A couple of concrete examples - I adjust the light so that it has power correlating to the real world, but based on the “eye” of course, not on units of measurement, because I am not trying to correlate the size of the light source with its power 1 to 1. And the rules are the same for any rendering engine. I put the world light first, then I look separately at the power of the other light sources, each separately from the other and from the world, and then how they work with each other. The same thing with their color, some are warm, some are white on the contrary, otherwise you can not see the color difference, and the whole picture is filled with yellow, as an example.

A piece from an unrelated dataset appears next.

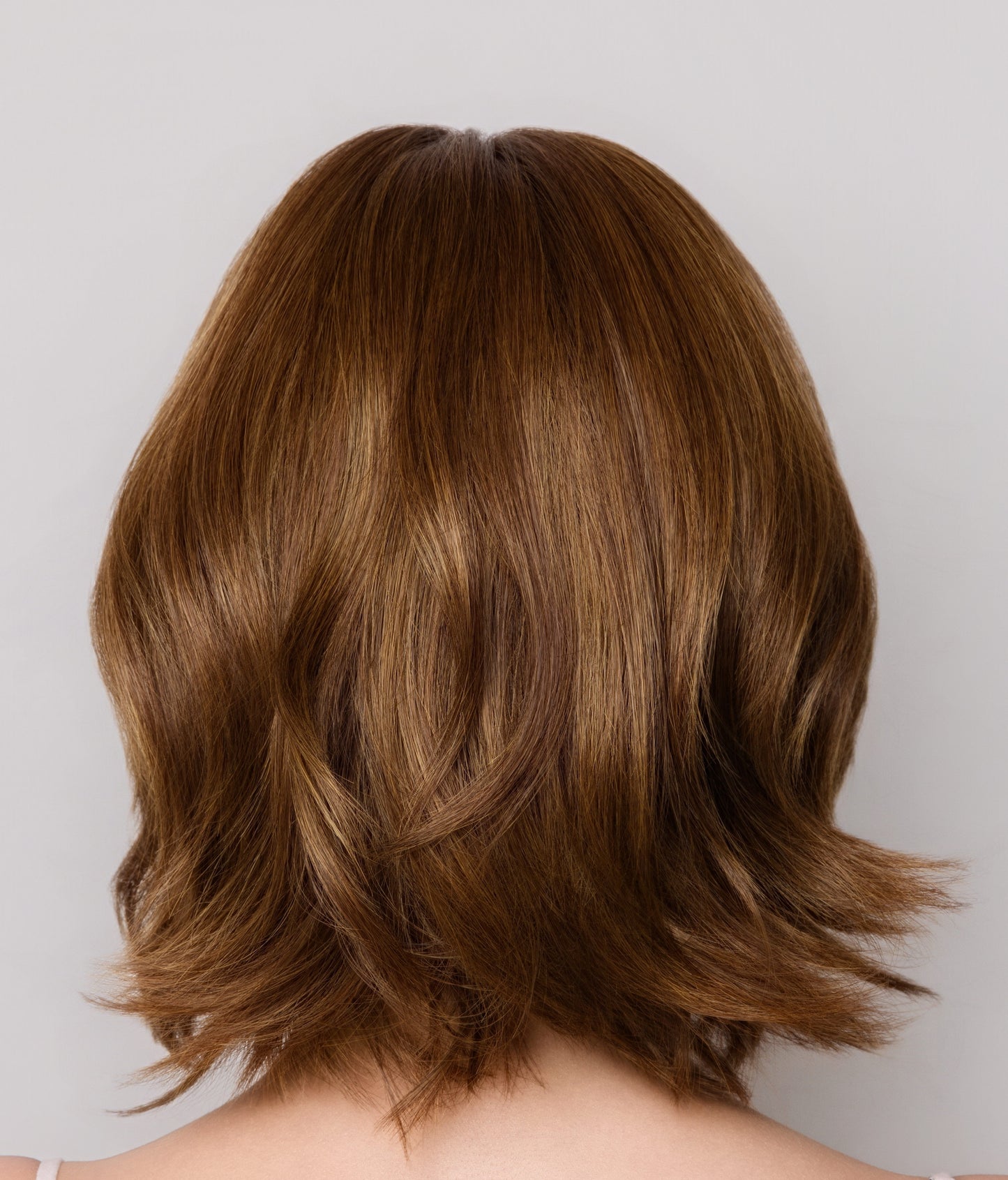 Back view of a person with shoulder-length brown hair on a plain background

And also using different camera latitude, depending on the desired composition, as well as the fact that the normal camera with ±35mm latitude will be at a height of 1.6m from the ground, and then adjust the angle.

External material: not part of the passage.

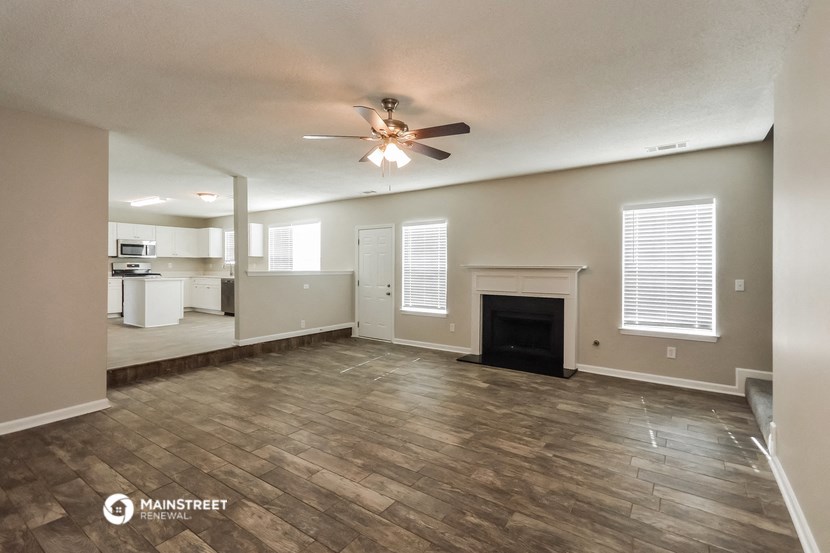 an empty living room with a ceiling fan and a fireplace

I saw in one vid that dude put a lot of light pass for transparency and translucency, about 50 for each; 0 roughness caustic, 25-50-80 for clump, because the advice to put the minimum I saw a couple of years ago, it’s good when you need to squeeze maximum efficiency for interior in a working project, but as the quality and desired result, limits them.

UPD. I also add sharpening and noise effect in photoshop, in addition to the rest of the light correction, because I don’t like a perfectly noiseless picture, it looks fake. On these renders the sharpness is probably higher than normal, but I’m discovering new pages in my work for myself and these are kind of extreme values.)